* Work item *
The records that follow are to be transcribed in full, leaving out each picture.

Items from a dataset
"""

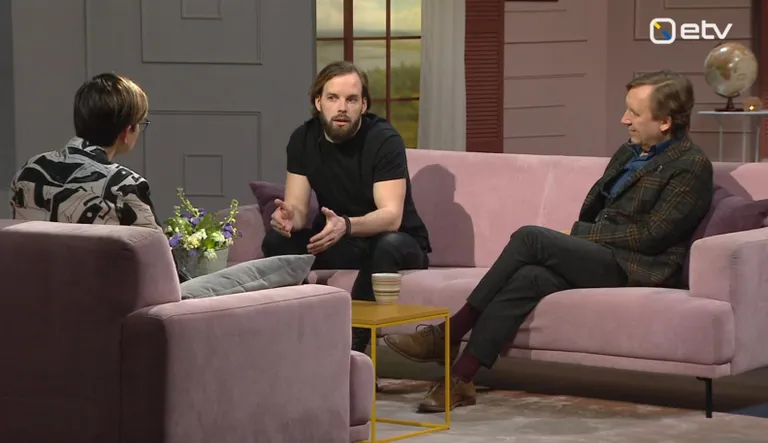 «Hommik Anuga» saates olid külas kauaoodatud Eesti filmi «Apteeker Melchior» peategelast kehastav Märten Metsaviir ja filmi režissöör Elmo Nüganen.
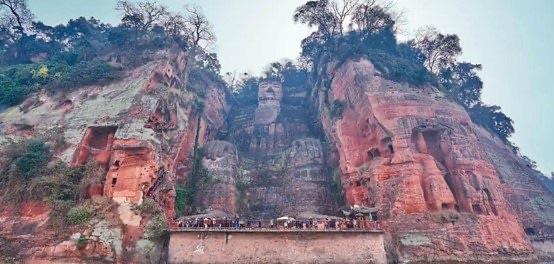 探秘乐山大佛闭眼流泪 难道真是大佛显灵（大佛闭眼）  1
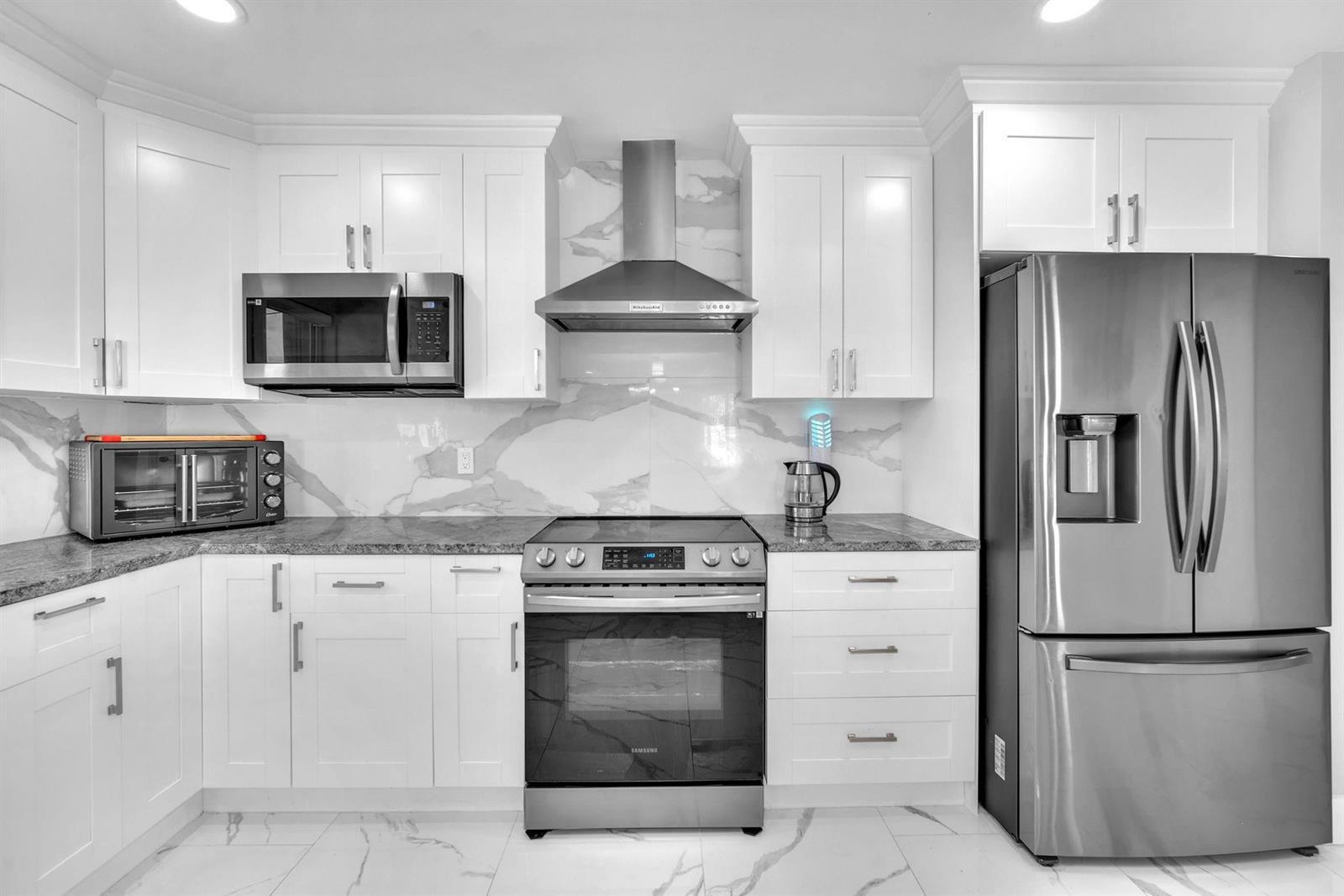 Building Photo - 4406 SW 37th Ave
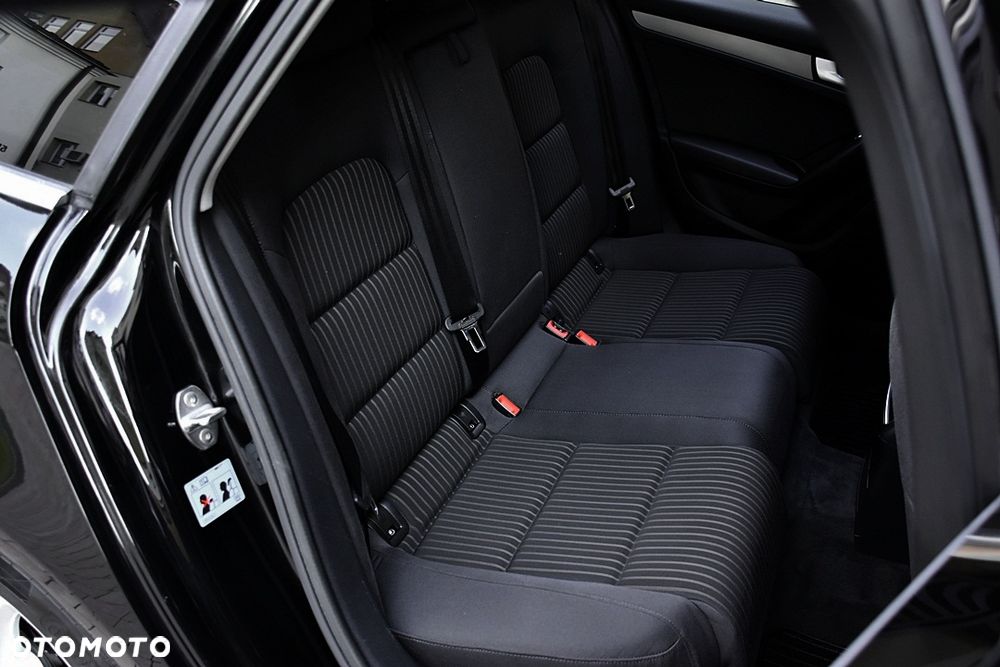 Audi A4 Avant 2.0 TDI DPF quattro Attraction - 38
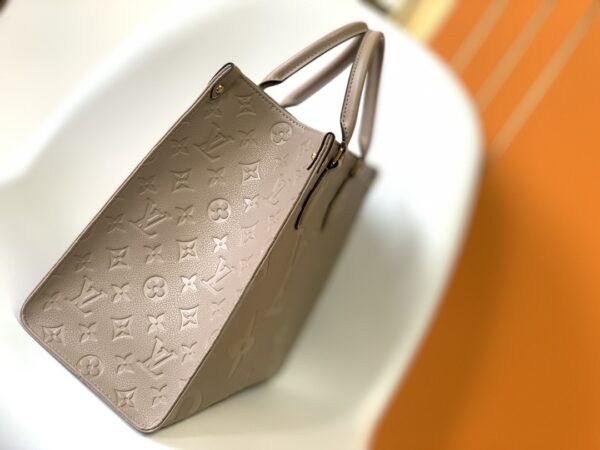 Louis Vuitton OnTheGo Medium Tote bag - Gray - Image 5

"""

* Answer box *
 «Hommik Anuga» saates olid külas kauaoodatud Eesti filmi «Apteeker Melchior» peategelast kehastav Märten Metsaviir ja filmi režissöör Elmo Nüganen.
 探秘乐山大佛闭眼流泪 难道真是大佛显灵（大佛闭眼）  1
 Building Photo - 4406 SW 37th Ave
 Audi A4 Avant 2.0 TDI DPF quattro Attraction - 38
 Louis Vuitton OnTheGo Medium Tote bag - Gray - Image 5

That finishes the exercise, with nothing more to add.